§ **What is needed**: Below are entries to be transcribed exactly; exclude the pictures from the copy.
-- Data provided follows --
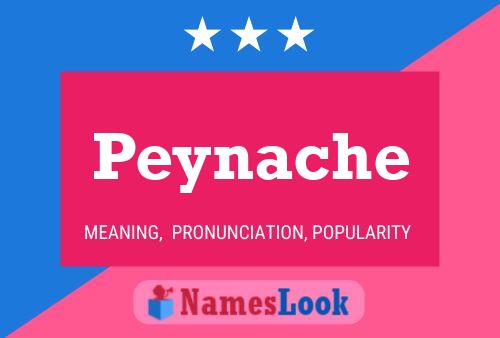 Peynache Namensposter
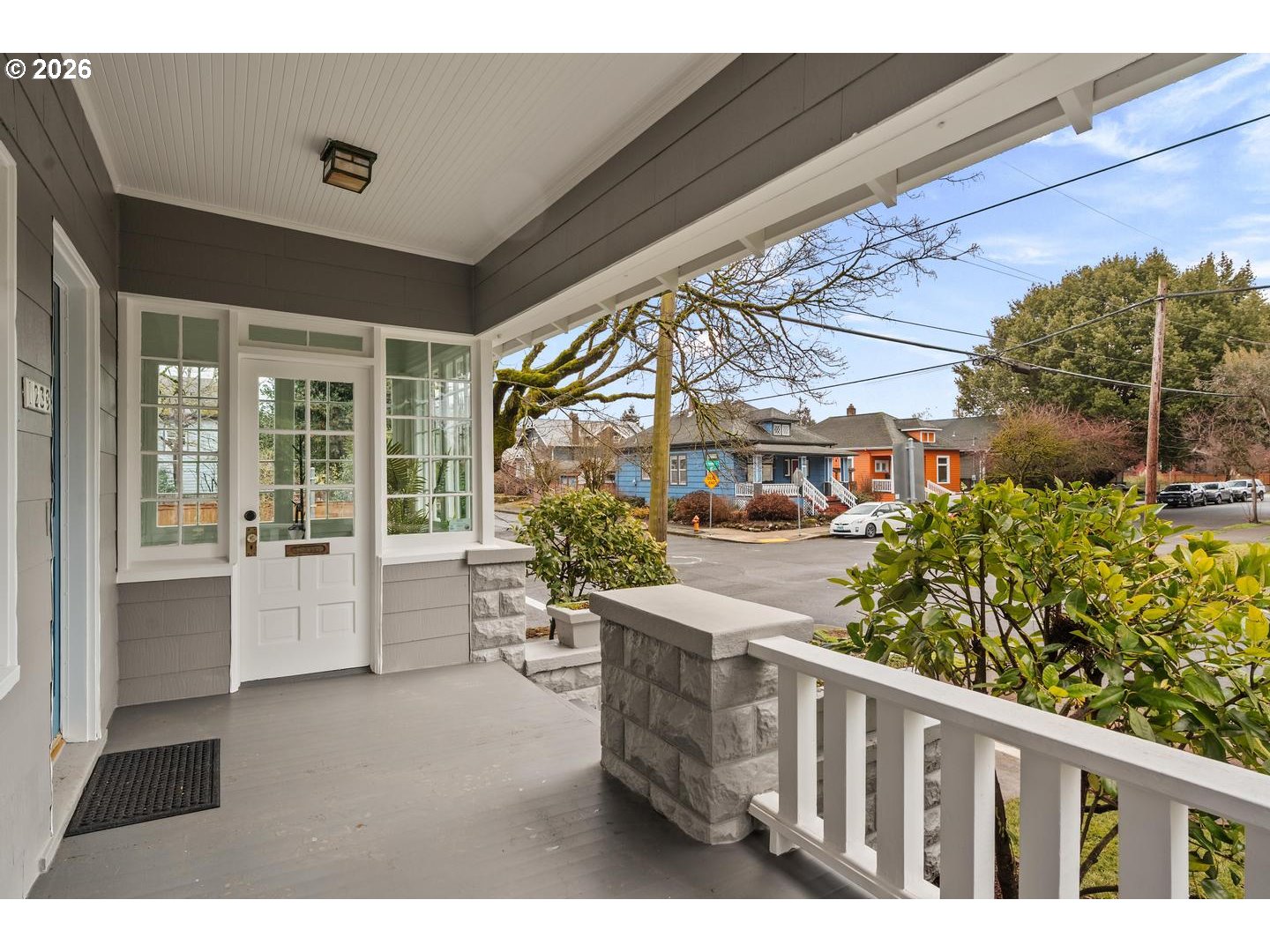 1239 Northeast Sumner Street Portland, OR 97211 - Photo 3 of 48 a view of a porch with furniture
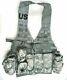 Military Tactical Acu Camo Molle Ii Fighting Load Carrier Vest 9 Pouches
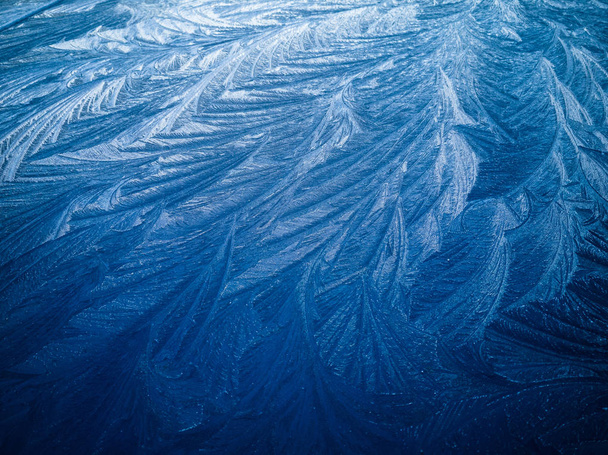 Textuur van ijs bloemen close-up - Foto, afbeelding
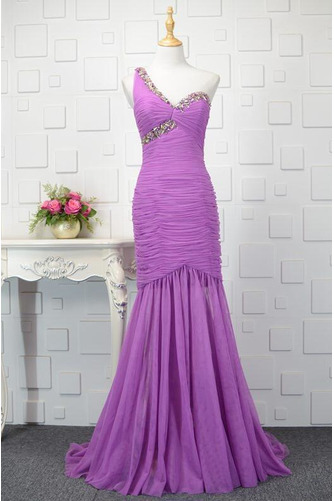 Robe de bal Une épaule Traîne Courte Dos nu Elégant Automne Ballon - Page 1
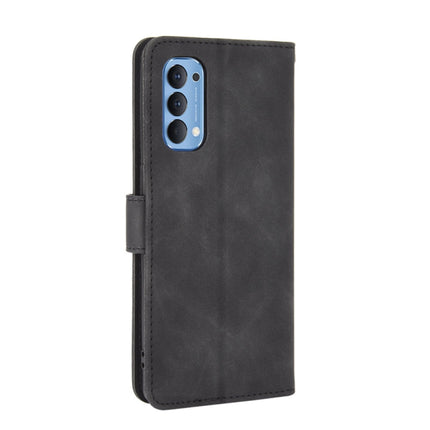 Solid Color Skin Feel Magnetic Buckle Horizontal Flip Calf Texture PU Leather Case with Holder & Card Slots & Wallet, For OPPO Reno4 5G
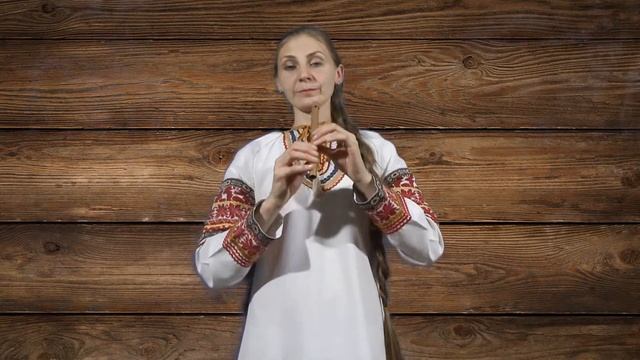 "Полька-бабочка" (медленный темп) - украинская народная мелодия, свирель | Александра Шерина смотреть онлайн
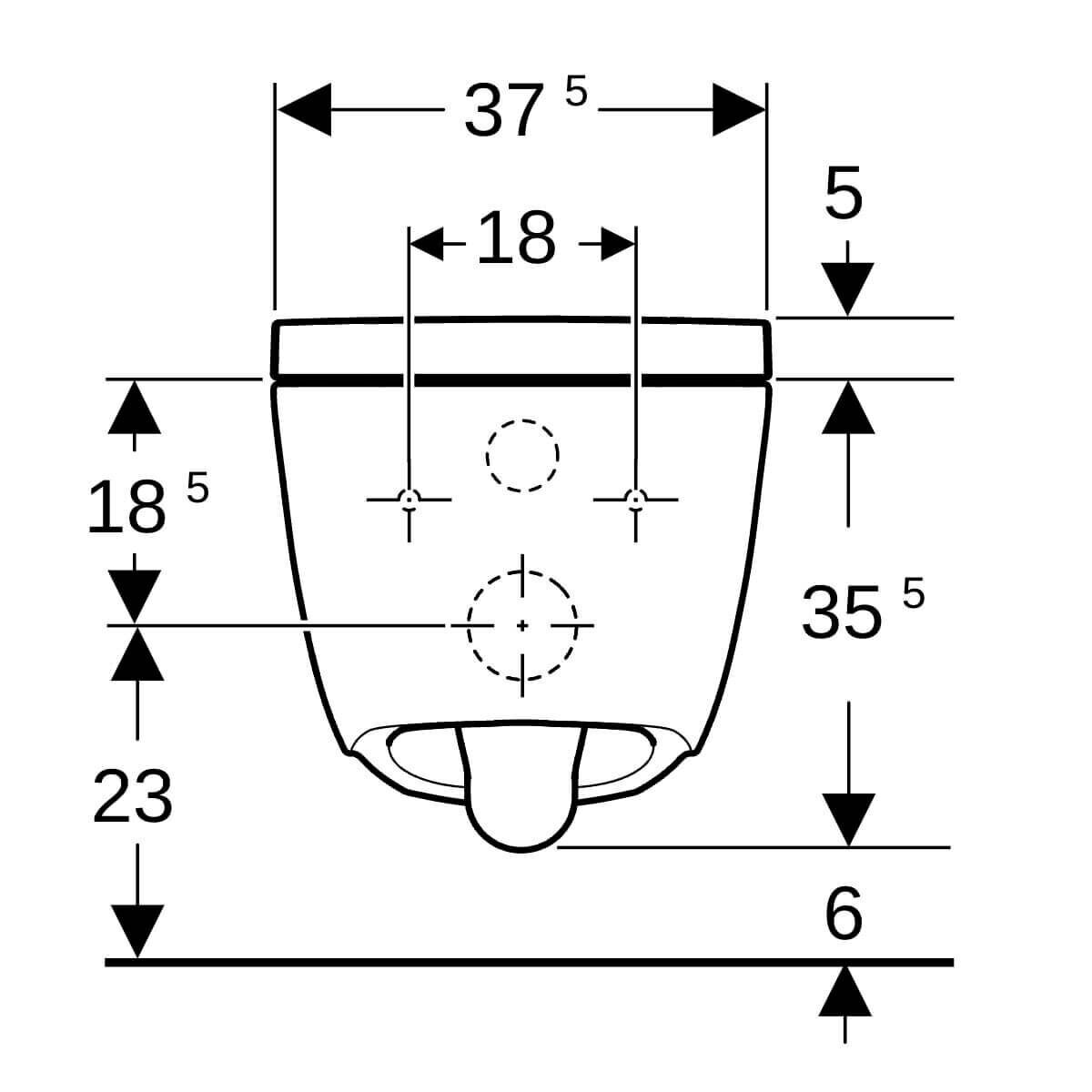 Geberit Dusch-WC AquaClean Alba, spülrandlos mit KeraTect-Beschichtung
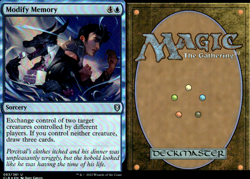 Magic the Gathering-MTG-Modify Memory-Foil - Image 1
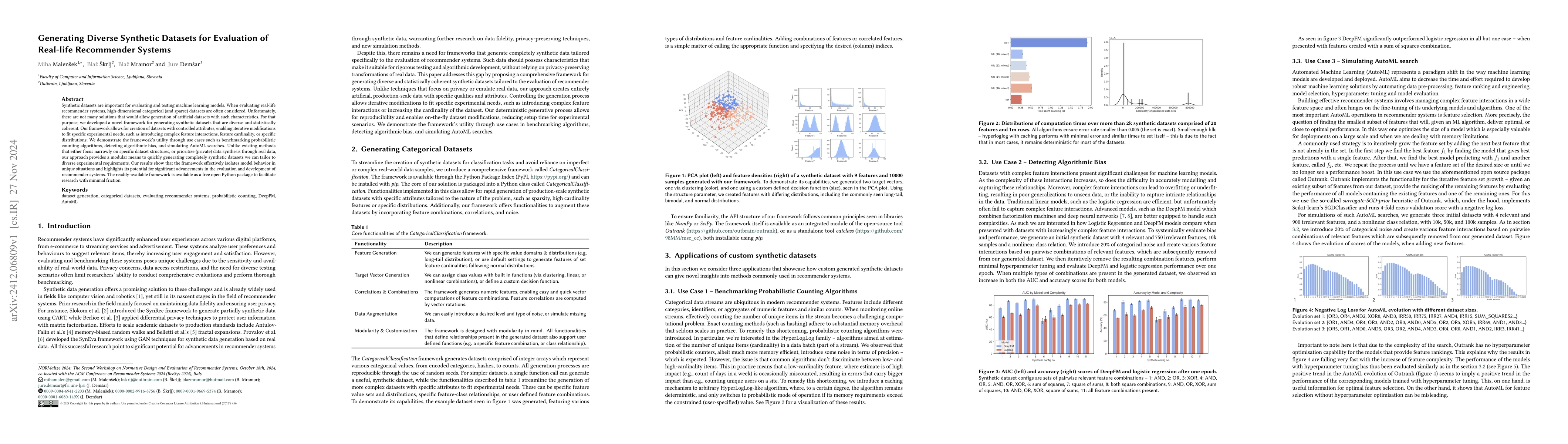 Thumbnail for Generating Diverse Synthetic Datasets for Evaluation of Real-life
  Recommender Systems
-- Data provided concluded --
§ **Solution to this exercise**:
 Peynache Namensposter
 1239 Northeast Sumner Street Portland, OR 97211 - Photo 3 of 48 a view of a porch with furniture
 Military Tactical Acu Camo Molle Ii Fighting Load Carrier Vest 9 Pouches
 Textuur van ijs bloemen close-up - Foto, afbeelding
 Robe de bal Une épaule Traîne Courte Dos nu Elégant Automne Ballon - Page 1
 Solid Color Skin Feel Magnetic Buckle Horizontal Flip Calf Texture PU Leather Case with Holder & Card Slots & Wallet, For OPPO Reno4 5G
 "Полька-бабочка" (медленный темп) - украинская народная мелодия, свирель | Александра Шерина смотреть онлайн
 Geberit Dusch-WC AquaClean Alba, spülrandlos mit KeraTect-Beschichtung
 Magic the Gathering-MTG-Modify Memory-Foil - Image 1
 Thumbnail for Generating Diverse Synthetic Datasets for Evaluation of Real-life
  Recommender Systems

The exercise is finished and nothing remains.